Rein menyeret Irin segera ke kasir, meninggalkan pria yang masih ternganga di tempat mereka berdiri tadi.

"Siapa?" tanya Rein begitu mereka selesai mengantre.

"Joan."

"Yang nelepon kemarin itu?" Rein menyipitkan matanya.

Irin mengangguk, desahan kasar ia keluarkan dari mulut. "Moga aja nggak pernah ketemu dia lagi!"

Rein hanya melirik istrinya dari samping. Ada yang disembunyikan darinya. Jelas, Rein bisa melihatnya dengan jelas. Namun, dia tidak berani bertanya.

Lebih baik menunggu Irin terbuka padanya, daripada dia harus memaksa dan berakhir Irin menjauhinya, kan?

***

Rein memandang horor telur dadar di depannya. Warnanya yang menghitam sebagian besar nyaris membuatnya lupa kalau yang ada di depannya adalah makanan, bukannya pantat panci yang pernah dia gosongkan.

Rein menelan ludahnya susah payah. Dia menatap Irin yang memandanginya dengan menggigit bibir bawah.

"Pasti nggak enak, ya?" katanya dengan suara lemah.

Rein segera memakan telur itu daripada melihat Irin menangis di depan wajahnya, tapi mulutnya berhenti bergerak begitu telurnya masuk ke dalam mulut dan mulai mencecap rasa.

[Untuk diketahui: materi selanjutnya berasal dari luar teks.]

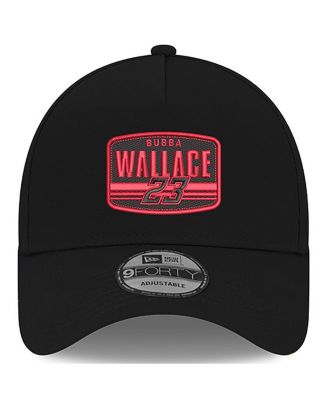 Мужская черная шляпа с регулируемой нашивкой в виде А-образной рамки Bubba Wallace 9FORTY от New Era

Dia menatap Irin dengan mata melotot.

Sudah tidak ada rasa telur sama sekali, rasanya pahit dan rasa asinnya sedikit tidak normal. Dia menatap Irin yang tengah menunggu pendapatnya dan Rein hanya bisa menggeleng, sebelum lari ke wastafel dan memuntahkan telur dadar yang ada di mulutnya.

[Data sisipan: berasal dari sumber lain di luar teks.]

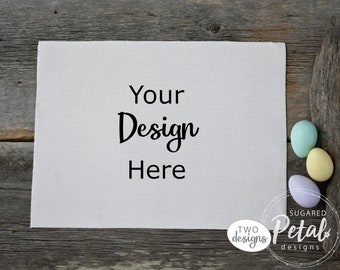 2 Designs | Mockup Linen Placemat Easter | Digital Download JPG Easter Eggs and Carrot Cream Linen Placemat | Sublimation Template Mock up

"Mendingan pesan aja, Rin. Gue nggak siap sakit perut abis makan masakan lo."

Rein menoleh ke belakang, Irin sedang memajukan bibirnya, merajuk. Perempuan itu mencicipi telur dadar yang ia buat dengan hati-hati dan apa yang Rein katakan memang benar, lebih baik mereka memesan makanan daripada sakit perut kemudian.

Rein mendekat, dia mengusap kepala istrinya dengan perlahan. "Belajar dulu yang rajin." Irin langsung membuang muka. "Apa buka tutorial masak telur dadar di You**** aja?"

"Emang boleh?"

Rein mengangguk. "Tapi sekarang pesan makan dulu, abis itu lo boleh eksperimen lagi."

Irin cemberut. "Ntar nggak ada yang makan dong!"

"Gue yang makan nanti, janji, deh. Asal rasanya normal, gue makan abis semuanya."

"Serius, ya?" tanya Irin dengan tatapan penuh harap.

Rein hanya mengangguk seraya berdoa, semoga besok dia masih baik-baik saja!